# PUPPY TRAINING ADVICE WANTED



## dickera (Feb 24, 2012)

I have a lab puppy almost 4 months old. She does not have a very strong drive to retrieve yet or be in the water is this normal? Any advice to fix this? Thank you


----------



## dickera (Feb 24, 2012)

I have done obediance as far as sit stay come and heal. Shes retrieves but not very often and is nearly impossible to motivate her to retrieve when she is not in the mood for it.


----------



## coyote sniper (Apr 15, 2009)

Evan Grahams smart works dvds/books are very helpful and informational. Kinda spendy but worth it. Maybe she needs to be taught force fetch. I am by no means a dog trainer though!!!!! Good luck!!!!


----------



## dickera (Feb 24, 2012)

thanks ill look into it


----------



## 94NDTA (May 28, 2005)

Don't be alarmed that your 4 month old isn't retrieve happy. Mine didn't go crazy about it till about a year old. This is not uncommon. At this point, keep it fun, and try your best not to "snatch it" from your dog to cause keep away. One of the best pieces of advise I have ever been told was to simply praise them and pet on them if they bring something back to you (as a pup). This will help eliminate keep away (because it is no longer a game) and enforce how fun fetch can be.


----------



## BROWNDOG (Nov 2, 2004)

As stated not to worrie YET, if the dog is around a year old and still has little desire to retrieve and work then you most likely have a nice pet on your hands.

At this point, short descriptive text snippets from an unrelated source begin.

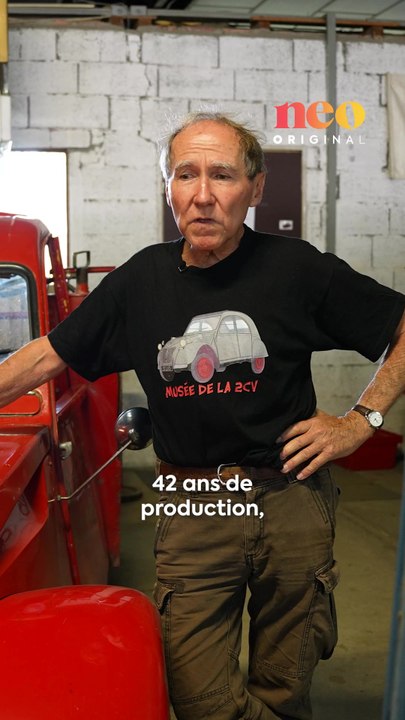 « C’est une bande de copains dans les années 1980 qui voulait faire voler une 2CV. » Pour neo, Martin Fourton, co-fondateur du musée de la 2CV, raconte comment cette voiture populaire est devenue une icône. 🚘✨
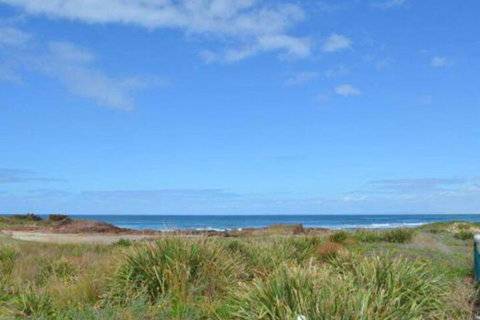 Birubi Breezes 2 / 7 Fitzroy St. Large Duplex With Air Conditioning WIFI & Only 5 Minute Walk To The Beach - Accommodation Brisbane 7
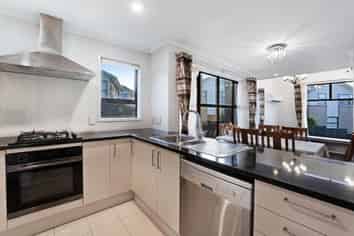 18 Hirimate Place , Flat Bush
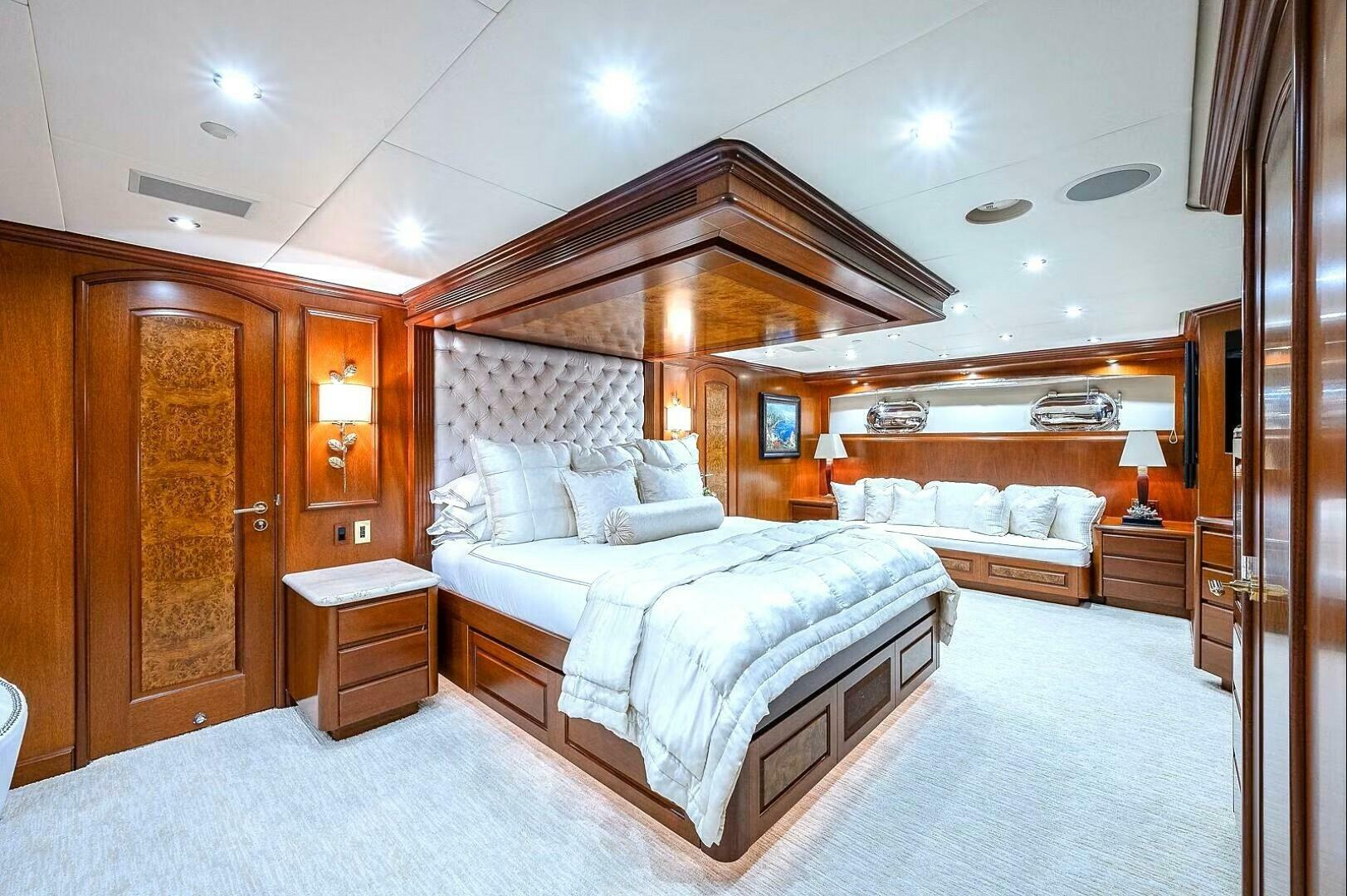 2000 Christensen Raised Pilothouse MY - Image 11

Some dogs mature at different stages, yes I like to see alot of desire at 8 weeks, and be fairly well along by the time there your pups age but that doesn't always happpen. Keep it fun, has the puppy been exposed to a live wing clipped pigion yet? If not I would try that. and when the puppy does finally start to retrieve stop while he/she still wants more. i would still be working on general OB at this time but not where it involves a retrieve, untill the puppy is wild about retrieving. And no the puppy is not ready to FF, we don't force fetch our dog to make them retrieve, we ff our dogs to accept pressure and learn how to deal with it, delivery to hand,and proper handling of birds, goes along with it, if I have to FF a dog to make it retrieve it's not worth the time. The time to FF a puppy is when there crazy about retrieving.

A very good ( the best) puppy program out there is by Bill Hillman " training a retriever puppy, best $100 you every will spend on a puppy.

Best of luck

Todd


----------



## Quincy (Jul 27, 2010)

Take the live clipped wing pigeon advice! I had similar issues/concerns with my lab as a pup last year..........got 3 pigeons, tossed em for him,....problem solved. You got her to retrieve birds, get her some birds.

Good Luck


----------



## dickera (Feb 24, 2012)

Thansk for the great advice i have got her on live birds and she has the drive to chase them but wont pick them up unless they are dead then she will retreive them. her drive is a little better but still not really strong, but she is using her nose a lot more.


----------



## Chaws (Oct 12, 2007)

Dogs all have noses, make this super easy, super high level of success. Hold onto the dog and hand throw the pigeon in the yard.


----------